Records to use ::
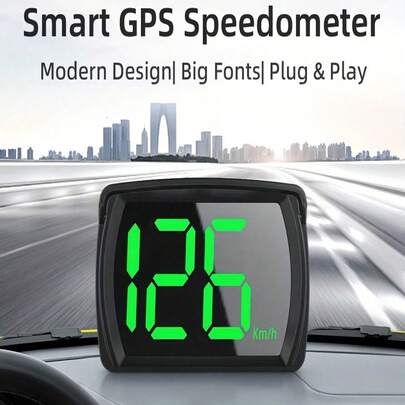 Brand New Head-Up Display (HUD) Adopts High-Definition LED Technology, Accurately Displays Vehicle Speed. Features Include Built-In Sun Visor, USB Power Supply, High Cost-Effectiveness, Compact Design, Easy Installation, And Suitable For Multiple Vehicle Models. It Can Serve As A Vehicle Speed Indication System With A Streamlined Display, Minimized Dashboard, Reliable Performance, And Digital Speedometer, Suitable For Automotive Accessories, Car Enthusiasts, And In-Vehicle Upgrades.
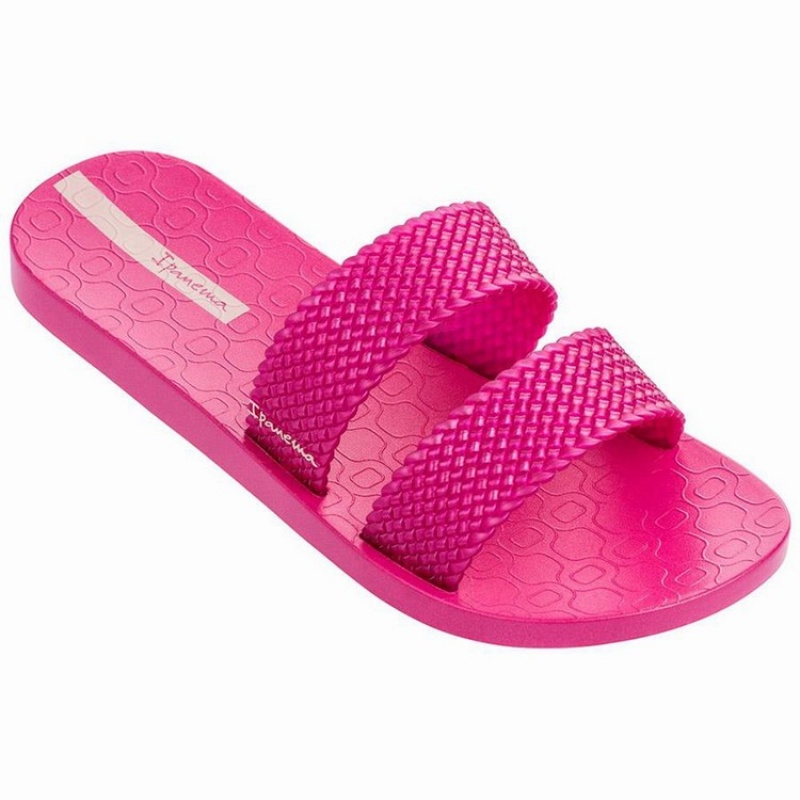 Sandalias Ipanema City Mujer Rosas | 47210VTNG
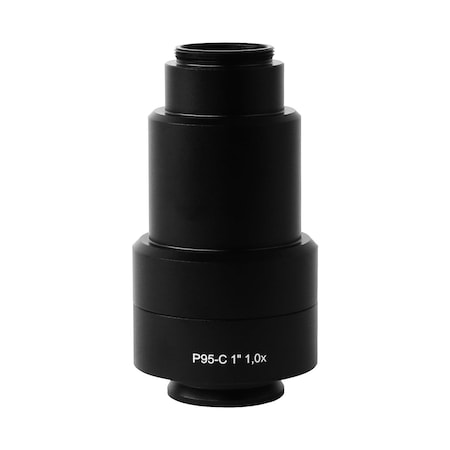 Amscope 1X C-mount Camera Lens for Zeiss Primo Microscopes AD-C10-ZS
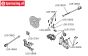 LOS-3724 LOSI 5IVE-T 3.0 Mitte Differential Halterung, Set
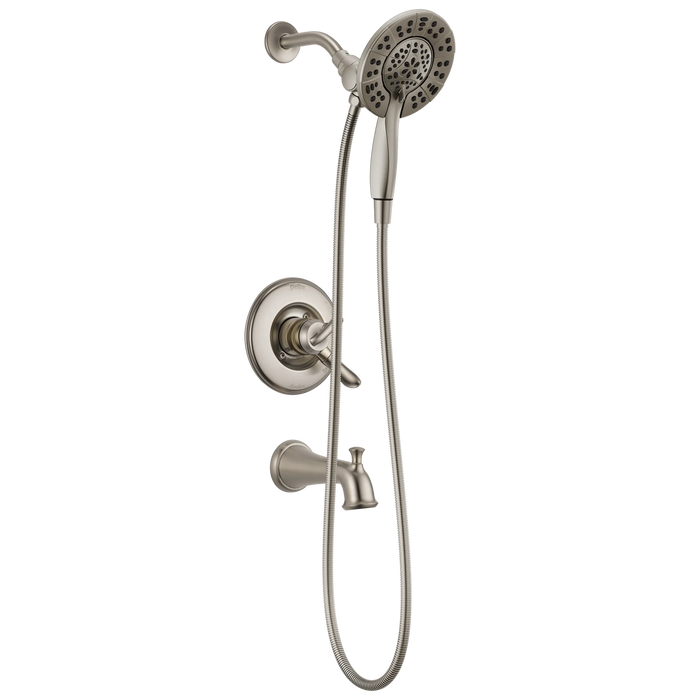 Delta Linden Monitor 17 Series Tub and Shower Trim, In2ition T17494-I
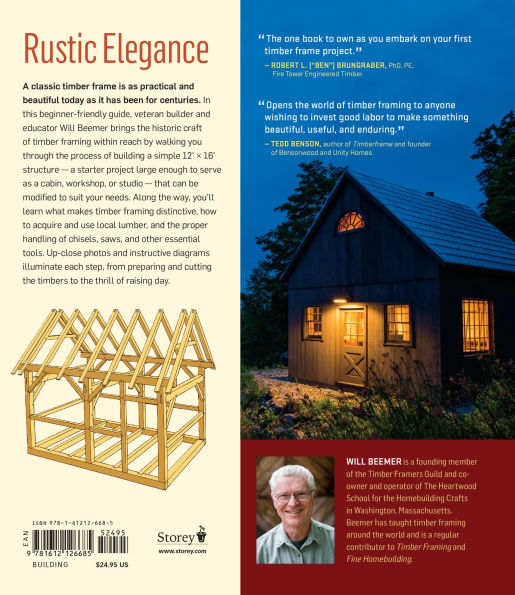 Learn to Timber Frame: Craftsmanship, Simplicity, Timeless Beauty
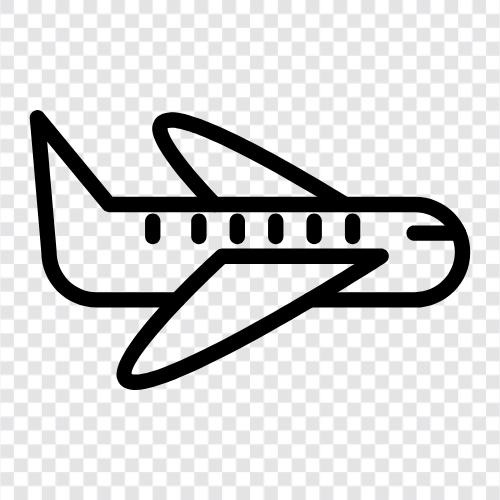 airplane, flying, aircraft, jet icon svg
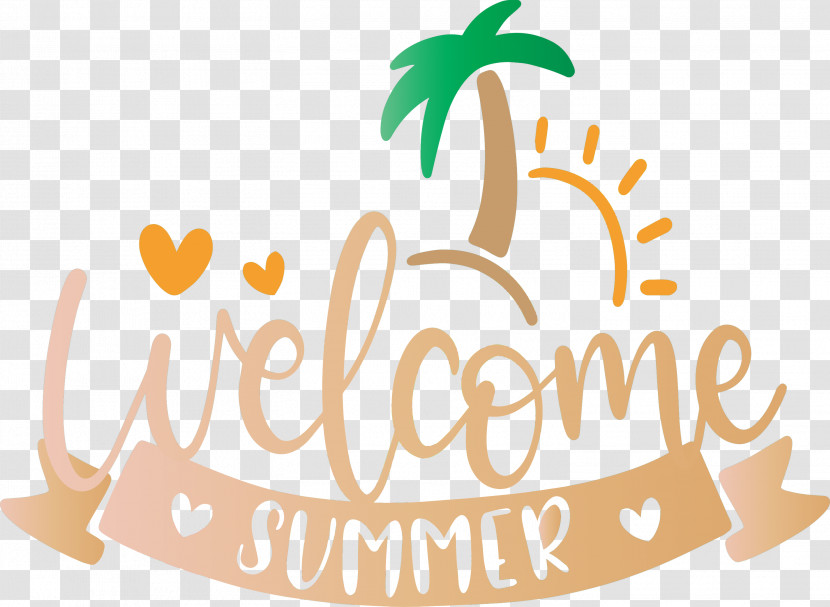 Welcome Summer Transparent PNG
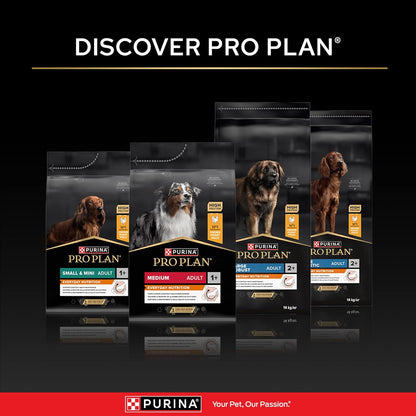 PRO PLAN Medium Sensitive Skin Adult 1+ Dry Dog Food Salmon 14kg Pack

Task statement ::
With the pictures omitted, write out exactly the lines from the one that contains "Welcome Summer Transparent PNG" through the final line of the material above, both ends included.

Answer space ::
 Welcome Summer Transparent PNG
 PRO PLAN Medium Sensitive Skin Adult 1+ Dry Dog Food Salmon 14kg Pack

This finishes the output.